Rodchenko and his contemporaries were at the forefront of that movement, embracing new technologies, especially photography which he, like pioneering film-makers Sergei Eisenstein and Dziga Vertov embraced enthusiastically. It was a way of transforming not only the style of artistic production, but going beyond the narrow circles to whom art had belonged before the revolution.
What is so good about this collection is that we can see Rodchenko’s contribution alongside that of his fellow photographers. Contemporaries like the Stenberg brothers, Evgeni Khaldei, Georgii Zelma, Max Alpert, Vulf Sirotkin, Georgy Petrusov, Naum Granosky, Dmitri Debakov and Simon Fridland have so far been less well-known.
But here we can see their role in capturing – and promoting – a vision of the young Soviet Union and its people – farm and factory workers, sports people, parades, street scenes, new architecture, and giant construction projects. They did so with enormous enthusiasm for the new hand-held Leica camera.
A key part of Soviet culture in the 1920s was the restructuring of art education. A fascinating essay by Nicholas Bueno de Mesquita describes how the VKhuTEMAS (the new Higher Art and Technical Studios which replaced the old academies) functioned. Lenin signed a decree to create the school and visited it shortly after it was founded, on 25 February 1921.

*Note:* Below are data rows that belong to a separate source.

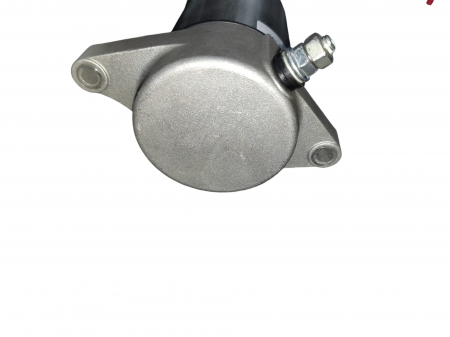ELECTROMOTOR ARCTIC-CAT 400 / 450 / 500  / KYMCO MXU / MAXXER 2012-2015 [3]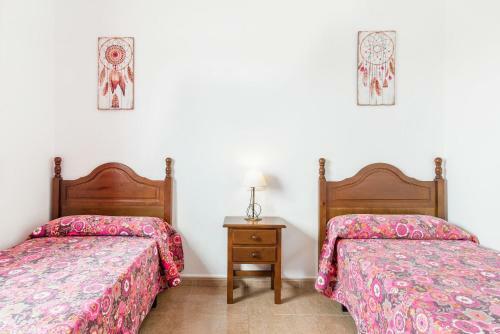 Casa Familiar La Lobita 2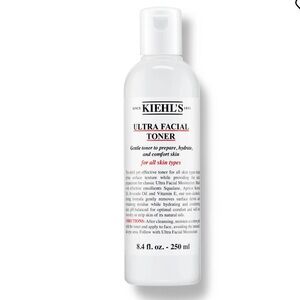 Gentle Alcohol-Free Facial Toner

In addition to the wide-ranging photographs, the curators have included an amazing group of documents, post-card sized records of the exercises in materials such as cardboard, clay, wood and folded paper which were part of the training for students at the studios.
Materials like cardboard, wood, paper and clay were modelled and folded to allow students to try out new ways of manipulating space. Architectural pioneers Moisei Ginsburg, Ilia Golosov, Konstantin Melnikov and Nikolai Ladovsky headed up the architectural courses teaching alongside Rodchenko. Ladovsky noted that “space not stone is the material of architecture” but that the architect had to understand the psychological impact of that space on the viewer.

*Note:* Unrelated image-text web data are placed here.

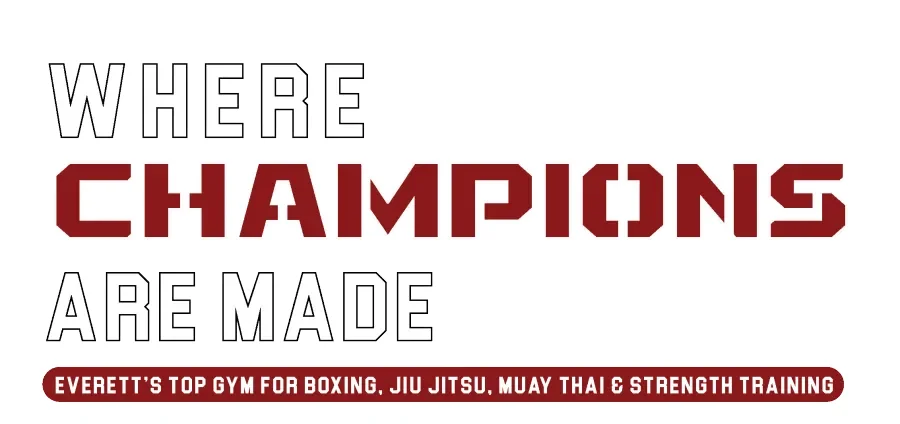 Crazy Monkey Boxing & Jiu Jitsu facility image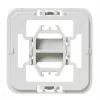 eQ-3 AG HomeMatic Kopp EQ3-ADA-KO - schakelaar-montageadapter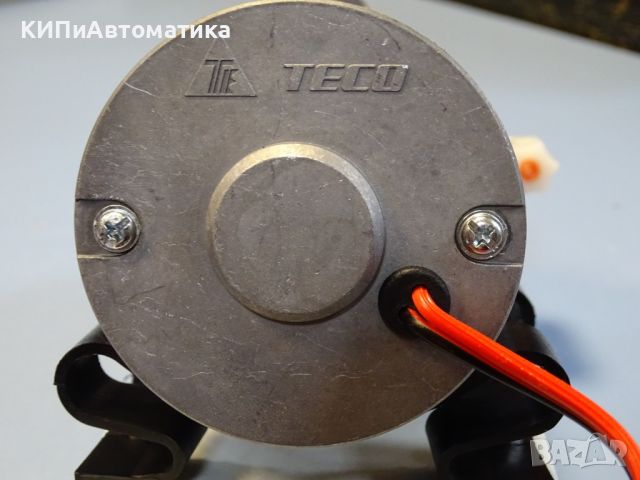 помпа TECO BOOSTER PUMP FXPOMP Reverse Osmosis, снимка 6 - Резервни части за машини - 46743897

In the new schools, the foundation courses were also revolutionised. They were almost entirely taught by leading members of the avant-garde, Mesquita writes, including women painters like Aleksandra Exter, Nadezhda Udaltsova and Liubov Popova. The Vkhutemas were as significant for modern art as the better-known German Bauhaus.
But by 1930, the VKhuTEMAS and their successor, the Vkhutein had vanished, closed down by the Stalinist authorities. Academicism returned. A transition from revolutionary vitality to the dead hand of “socialist realism” appears in Zelma’s shot of Stalin. The reality behind the image of heroic labour is hinted at in Rodchenko’s 1933 image of workers building the White Sea Canal.
The fate of these images is currently a contested topic, especially in Russia and and in the columns of the financial press. Presently the photographs belong to the Tosca Photography Fund. This is an investment fund begun by Mehmet Dalman who teamed up with Cheatle in 2005. The original intention was to offer the Russian part to the State Hermitage Museum in Saint Petersburg. Some believe that the best home for them would be the Moscow House of Photography.
But at present there does not appear to be a museum buyer and so the photographs may go up for auction as the fund must realise its investment by November. It seems richly ironic that the legacy of Soviet modernism has become a desirable investment “product”.